**Task directions**
Every line from the line containing "For iPhone, Galaxy, Sony, Lenovo, HTC, Huawei, and" through the end of the data is to be reproduced exactly, excluding pictures.

*** Block opens ***

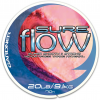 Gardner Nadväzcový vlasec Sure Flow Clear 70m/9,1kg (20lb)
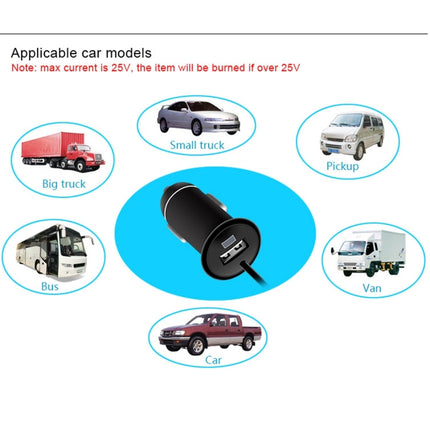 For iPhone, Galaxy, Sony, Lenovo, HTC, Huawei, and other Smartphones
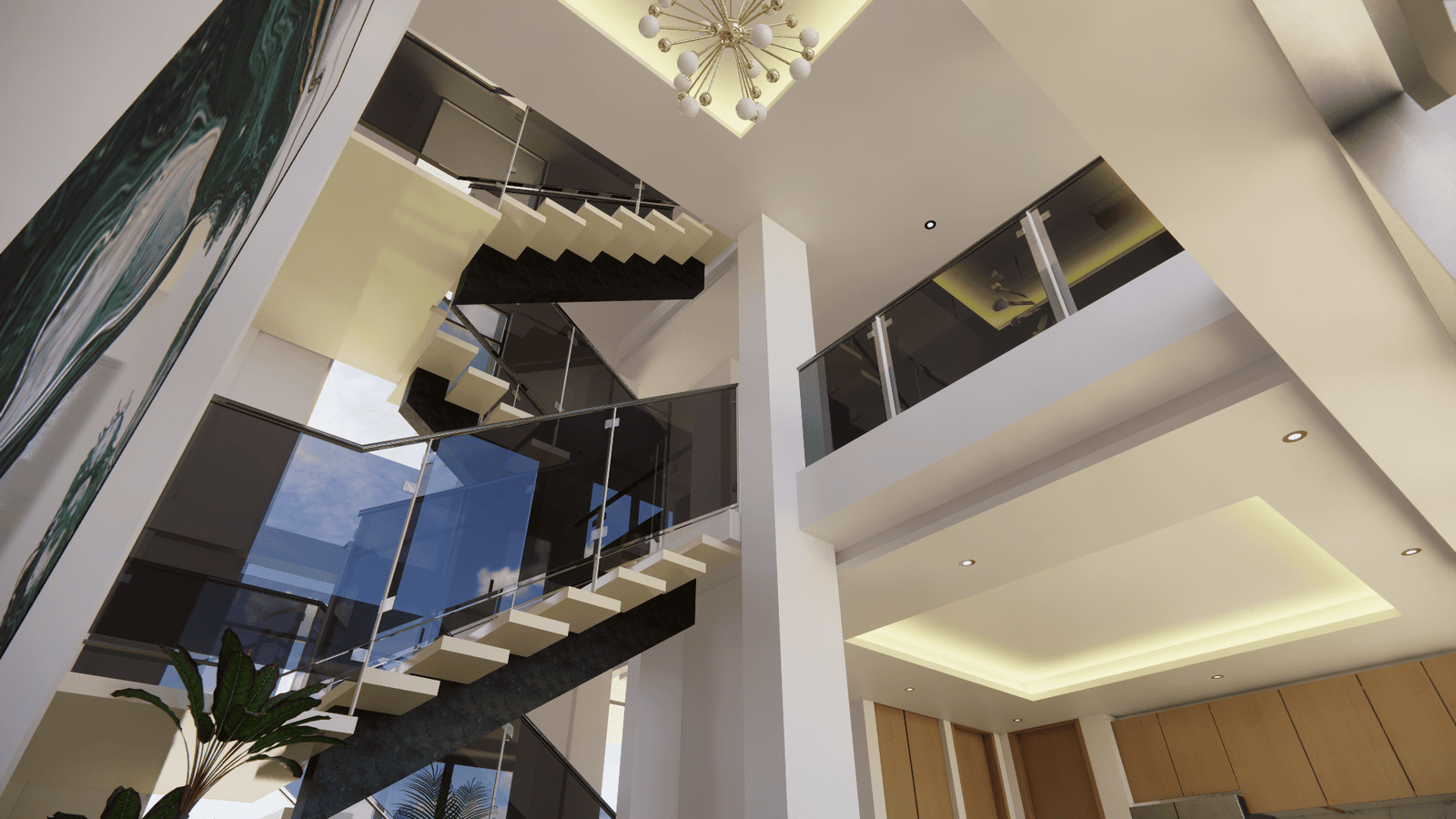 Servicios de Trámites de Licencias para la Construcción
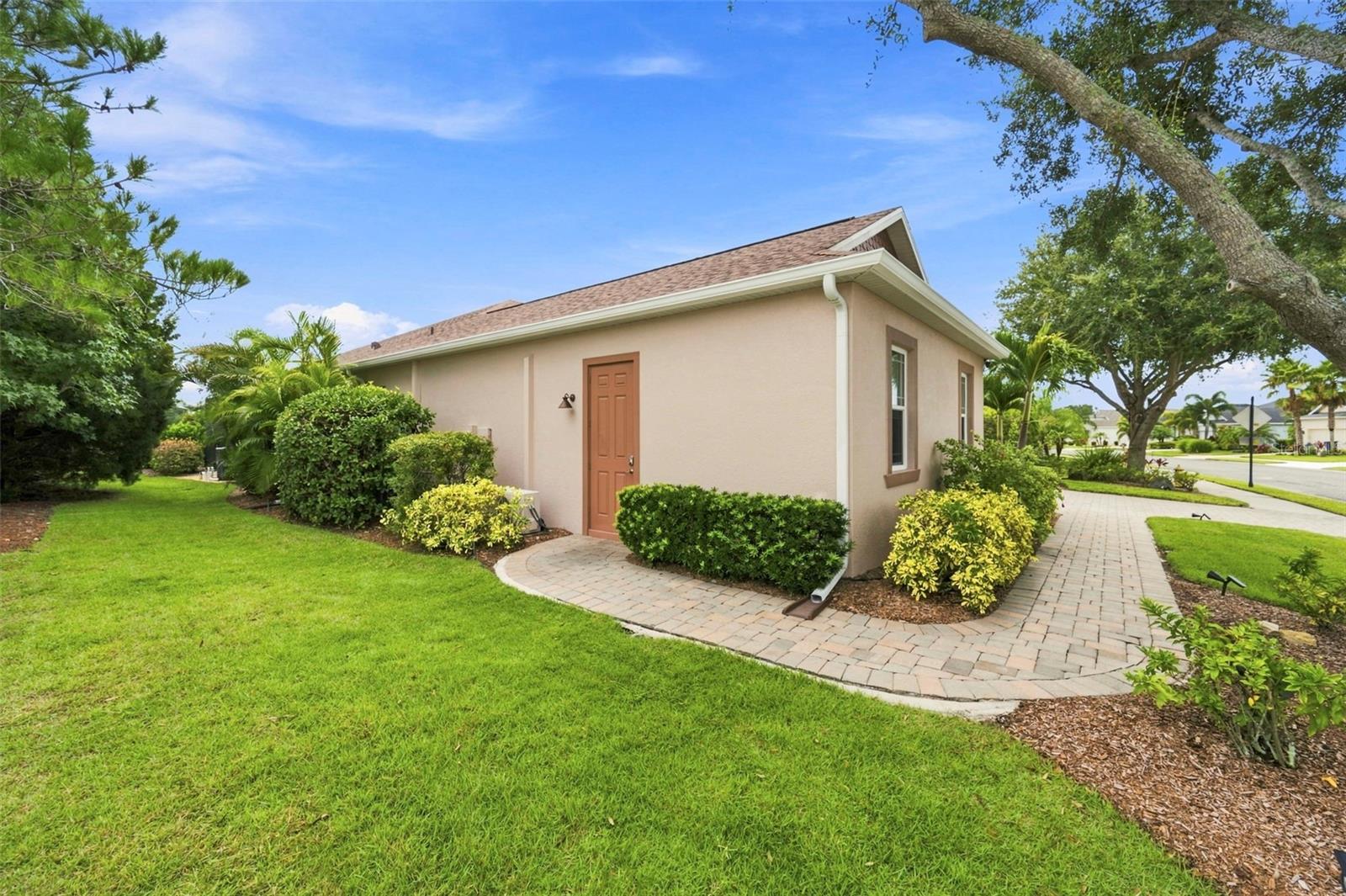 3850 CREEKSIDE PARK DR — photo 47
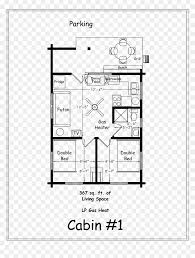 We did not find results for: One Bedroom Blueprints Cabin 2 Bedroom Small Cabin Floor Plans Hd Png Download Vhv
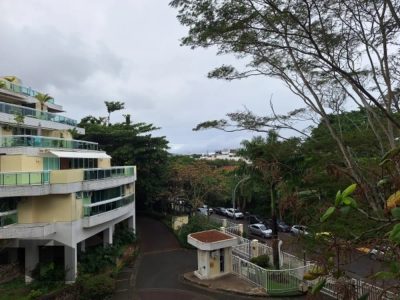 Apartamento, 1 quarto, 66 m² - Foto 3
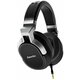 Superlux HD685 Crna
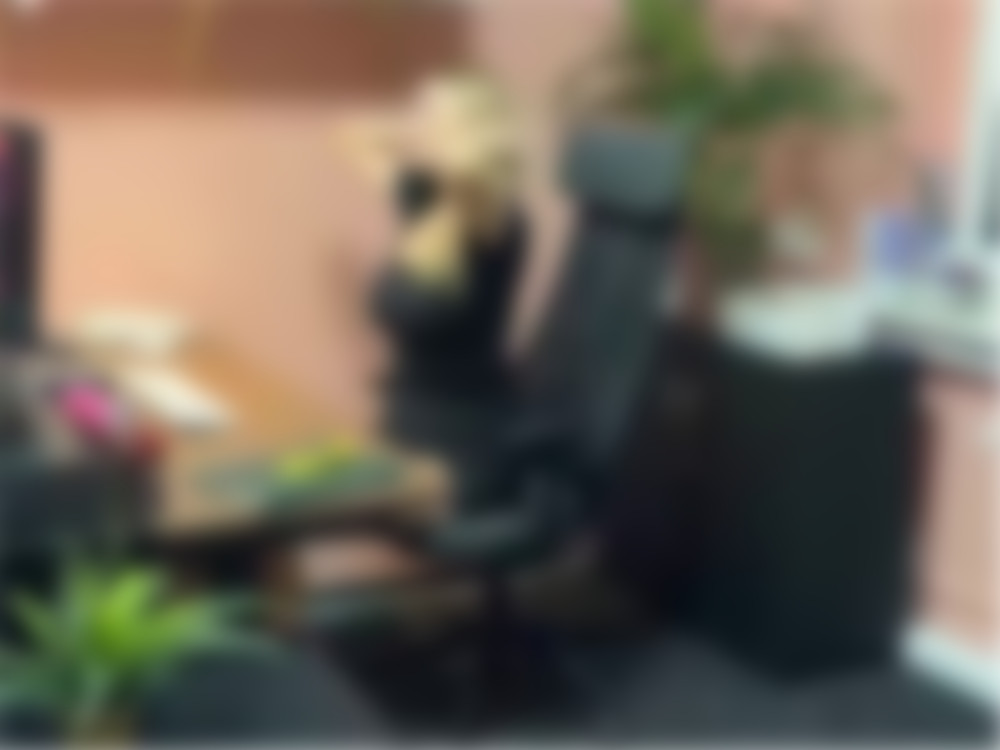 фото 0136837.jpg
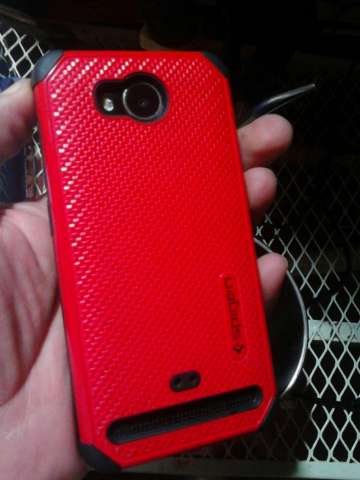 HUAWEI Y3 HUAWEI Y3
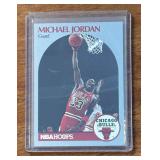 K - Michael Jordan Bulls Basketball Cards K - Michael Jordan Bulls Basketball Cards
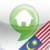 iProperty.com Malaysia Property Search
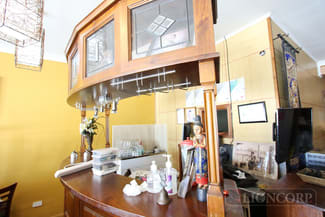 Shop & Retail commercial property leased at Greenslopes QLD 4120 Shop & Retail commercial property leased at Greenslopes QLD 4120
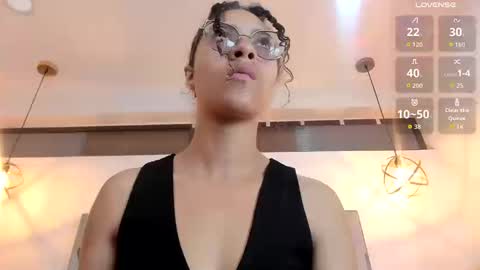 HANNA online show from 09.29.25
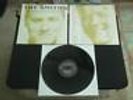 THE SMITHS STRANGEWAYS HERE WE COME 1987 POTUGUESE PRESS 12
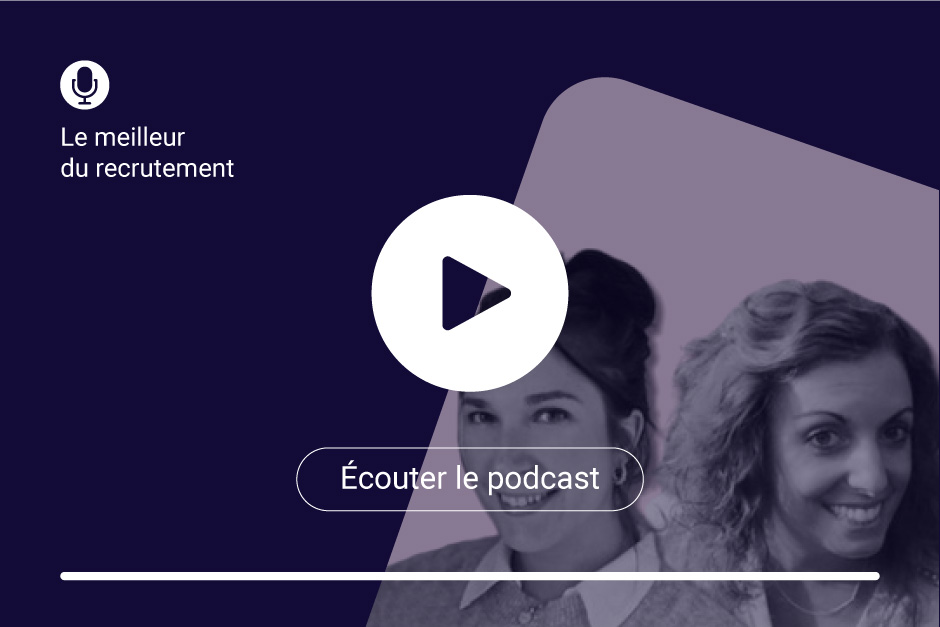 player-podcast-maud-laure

*** Block closes ***

**Task result**
 For iPhone, Galaxy, Sony, Lenovo, HTC, Huawei, and other Smartphones
 Servicios de Trámites de Licencias para la Construcción
 3850 CREEKSIDE PARK DR — photo 47
 We did not find results for: One Bedroom Blueprints Cabin 2 Bedroom Small Cabin Floor Plans Hd Png Download Vhv
 Apartamento, 1 quarto, 66 m² - Foto 3
 Superlux HD685 Crna
 фото 0136837.jpg
 HUAWEI Y3 HUAWEI Y3
 K - Michael Jordan Bulls Basketball Cards K - Michael Jordan Bulls Basketball Cards
 iProperty.com Malaysia Property Search
 Shop & Retail commercial property leased at Greenslopes QLD 4120 Shop & Retail commercial property leased at Greenslopes QLD 4120
 HANNA online show from 09.29.25
 THE SMITHS STRANGEWAYS HERE WE COME 1987 POTUGUESE PRESS 12
 player-podcast-maud-laure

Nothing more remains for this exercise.